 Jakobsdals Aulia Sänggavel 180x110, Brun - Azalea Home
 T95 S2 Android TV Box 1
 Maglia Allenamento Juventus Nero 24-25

◇ ◇ ◇ ◇ ◇

TASK TO CARRY OUT
Retype the data in full and match it exactly.

FINISHED TASK
 Jakobsdals Aulia Sänggavel 180x110, Brun - Azalea Home
 T95 S2 Android TV Box 1
 Maglia Allenamento Juventus Nero 24-25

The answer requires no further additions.